Overall, identifying RSAs with lower LOS impacts can increase opportunities for operators to perform critical maintenance activities during revenue hours, taking pressure off night crews and reducing the long-term risk of infrastructure failures. Although RSAs are inconvenient for passengers, the impacts of deferred maintenance can be far worse, and an array of high-performing, low-impact RSA options is a critical tool for keeping operations safe and efficient.
Footnotes
Acknowledgements
The authors would like to thank various staff and groups at the Washington Metropolitan Area Transit Authority for their input and collaboration. In addition, the authors would like to thank members of the MIT Transit Lab for overall feedback on the research direction and presentation.
Author Contributions
The authors confirm contribution to the paper as follows: study conception and design: John Takuma Moody, Haris N. Koutsopoulos; data collection: John Takuma Moody, Haris N. Koutsopoulos; analysis and interpretation of results: John Takuma Moody, Haris N. Koutsopoulos; draft manuscript preparation: John Takuma Moody, Haris N. Koutsopoulos. All authors reviewed the results and approved this version of the manuscript.

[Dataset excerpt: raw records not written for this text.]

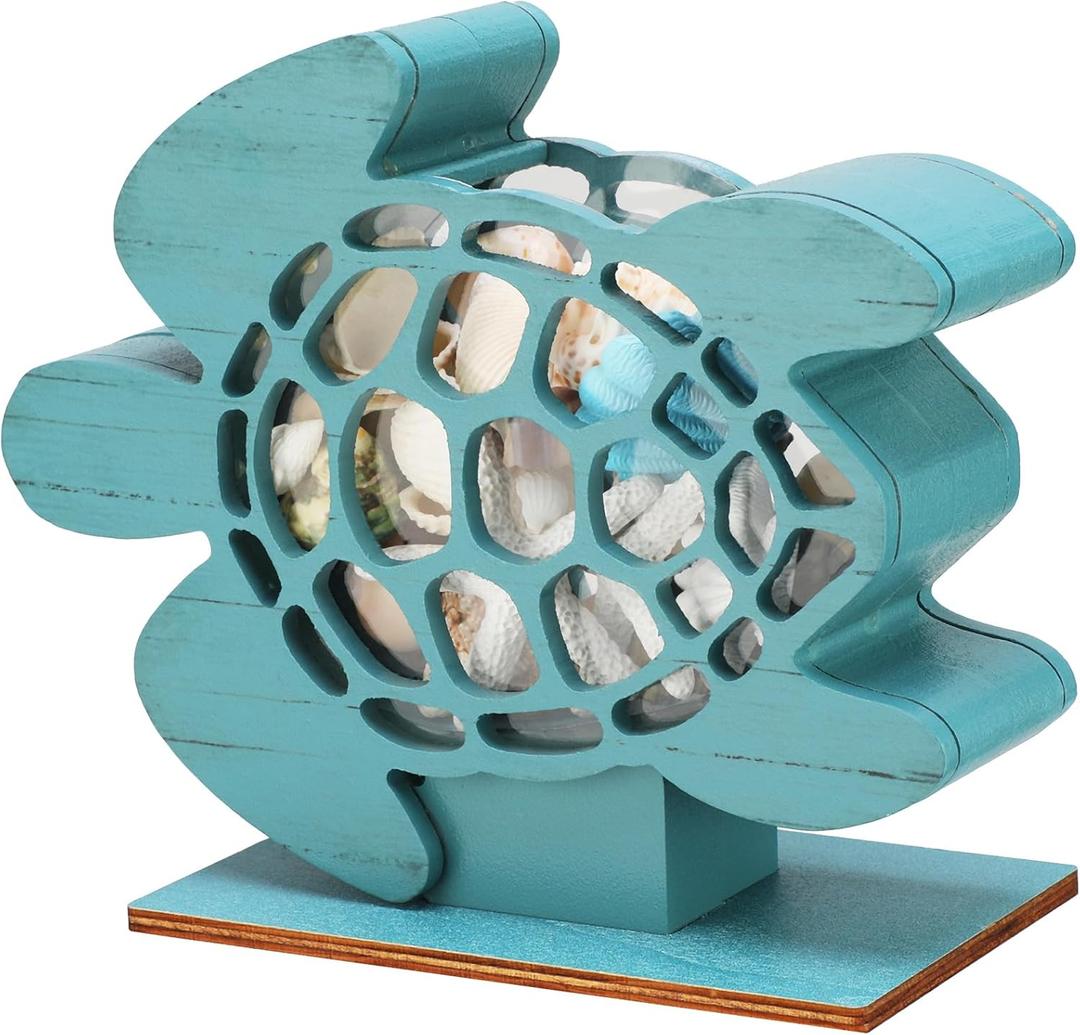 CroBlissful Green Sea Turtle Seashell Holder Seashell Display Box Wooden Small Starfish Shell Display Case with Acrylic Clear Window Shark Tooth Collection Box for Shells Sea Rock Home Decor Present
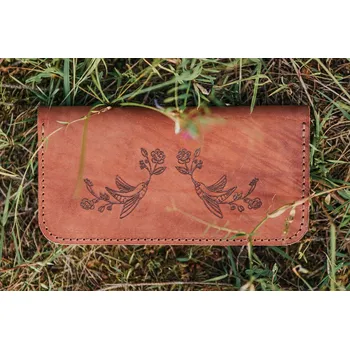 Kabelka Eggo dámská kožená peněženka s folklorními motivy Šedá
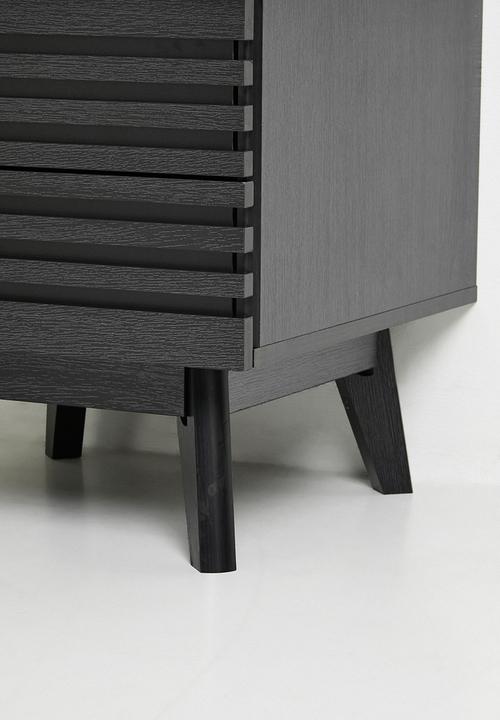 Sixth Floor - Slatted Bedside Table Set of 2 - Black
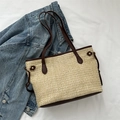 Borsa tote in paglia intrecciata beige con manici in pelle marrone scuro - Nero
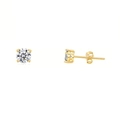 Detailed side and front view of gold-plated silver round zircon stud earrings with butterfly back - 4mm / Gold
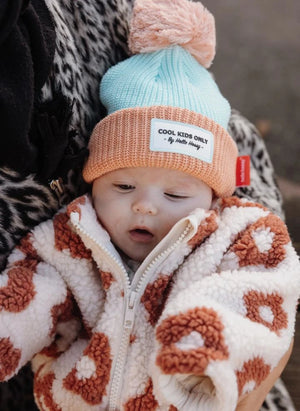 Hello Hossy - Color Block Pom-Pom Organic Cotton Beanie | Blue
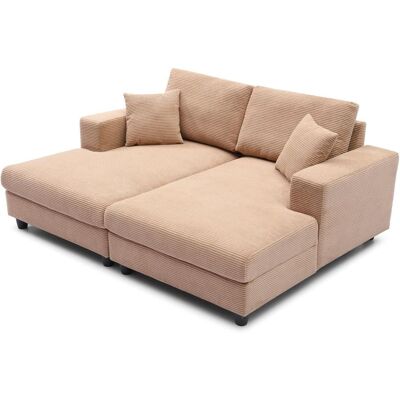 Menzzo Duo de méridiennes combinables en canapé profond velours côtelé beige Beige 196x90x150cm - Publicité Menzzo Duo de méridiennes combinables en canapé profond velours côtelé beige Beige 196x90x150cm - Publicité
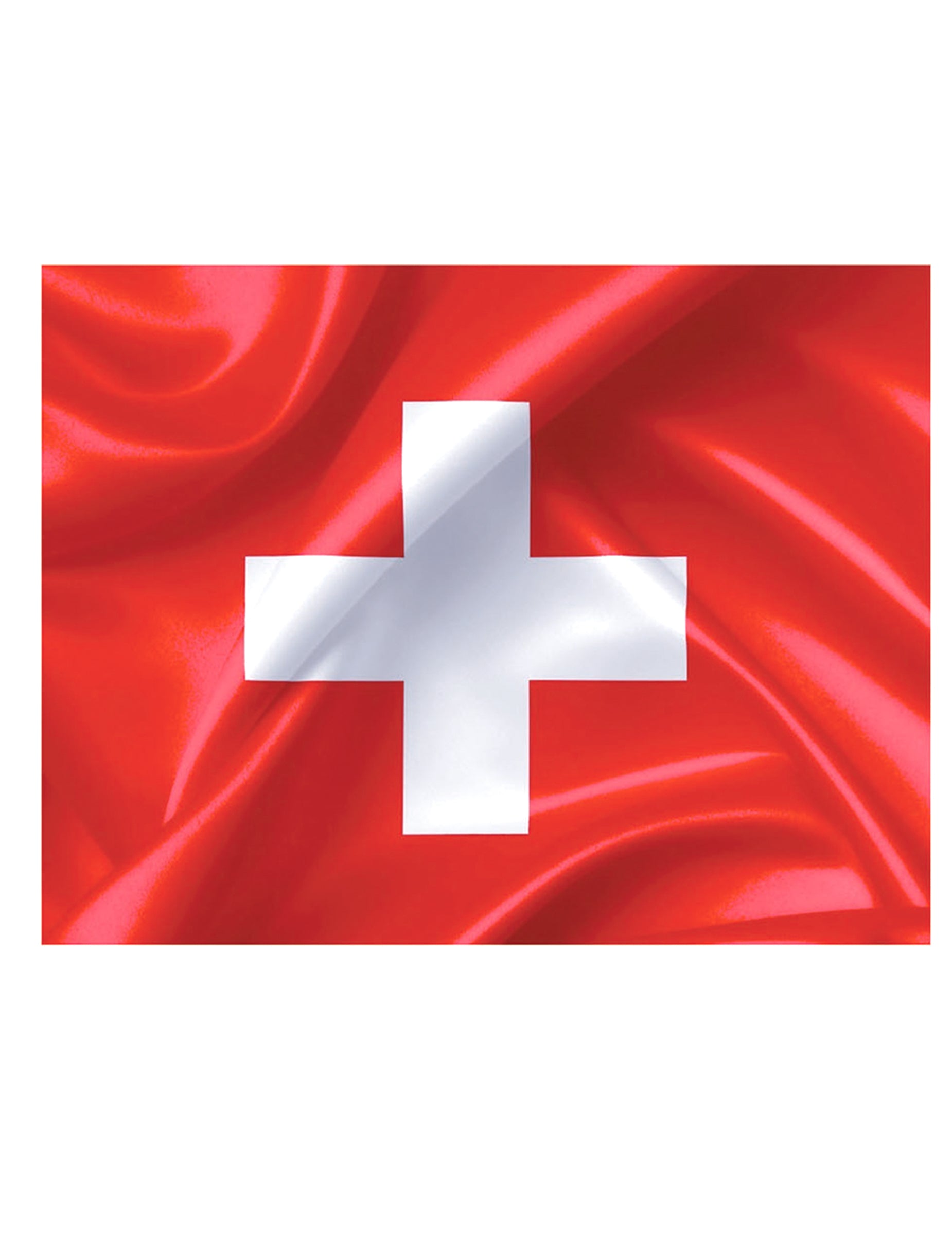 Détail du motif du drapeau de la cape supporter Suisse pour adulte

Declaration of Conflicting Interests
The authors declared the following potential conflicts of interest with respect to the research, authorship, and/or publication of this article: John Takuma Moody and Haris N. Koutsopoulos have received funding from the Washington Metropolitan Area Transit Authority (WMATA), the case study in this research.
Funding
The authors disclosed receipt of the following financial support for the research, authorship, and/or publication of this article: Funding for this research comes from the Washington Metropolitan Area Transit Authority (WMATA) through their Academic Research Partnership with the MIT Transit Lab.